FTC Chair: AI Models Could Violate Antitrust Laws (thehill.com) 42

An anonymous reader quotes a report from The Hill: Federal Trade Commission (FTC) Chair Lina Khan said Wednesday that companies that train their artificial intelligence (A) models on data from news websites, artists' creations or people's personal information could be in violation of antitrust laws. At The Wall Street Journal's "Future of Everything Festival," Khan said the FTC is examining ways in which major companies' data scraping could hinder competition or potentially violate people's privacy rights. "The FTC Act prohibits unfair methods of competition and unfair or deceptive acts or practices," Khan said at the event. "So, you can imagine, if somebody's content or information is being scraped that they have produced, and then is being used in ways to compete with them and to dislodge them from the market and divert businesses, in some cases, that could be an unfair method of competition."

Khan said concern also lies in companies using people's data without their knowledge or consent, which can also raise legal concerns. "We've also seen a lot of concern about deception, about unfairness, if firms are making one set of representations when you're signing up to use them, but then are secretly or quietly using the data you're feeding them -- be it your personal data, be it, if you're a business, your proprietary data, your competitively significant data -- if they're then using that to feed their models, to compete with you, to abuse your privacy, that can also raise legal concerns," she said.

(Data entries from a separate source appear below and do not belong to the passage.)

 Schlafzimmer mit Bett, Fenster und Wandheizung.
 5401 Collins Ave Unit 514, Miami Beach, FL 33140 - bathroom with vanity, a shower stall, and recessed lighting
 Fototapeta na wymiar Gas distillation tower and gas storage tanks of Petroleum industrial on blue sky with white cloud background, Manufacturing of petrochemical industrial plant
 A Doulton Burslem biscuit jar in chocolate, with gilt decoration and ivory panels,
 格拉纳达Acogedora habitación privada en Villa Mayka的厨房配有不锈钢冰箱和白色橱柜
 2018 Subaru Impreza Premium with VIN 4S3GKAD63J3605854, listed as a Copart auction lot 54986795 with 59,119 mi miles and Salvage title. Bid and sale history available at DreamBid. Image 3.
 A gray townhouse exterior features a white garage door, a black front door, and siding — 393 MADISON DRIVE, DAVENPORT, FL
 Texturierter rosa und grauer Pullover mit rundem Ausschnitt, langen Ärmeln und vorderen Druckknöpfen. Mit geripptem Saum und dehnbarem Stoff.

Khan also recognized people's concerns about companies retroactively changing their terms of service to let them use customers' content, including personal photos or family videos, to feed into their AI models. "I think that's where people feel a sense of violation, that that's not really what they signed up for and oftentimes, they feel that they don't have recourse," Khan said. "Some of these services are essential for navigating day to day life," she continued, "and so, if the choice -- 'choice' -- you're being presented with is: sign off on not just being endlessly surveilled, but all of that data being fed into these models, or forego using these services entirely, I think that's a really tough spot to put people in." Khan said she thinks many government agencies have an important role to play as AI continues to develop, saying, "I think in Washington, there's increasingly a recognition that we can't, as a government, just be totally hands off and stand out of the way."
You can watch the interview with Khan here.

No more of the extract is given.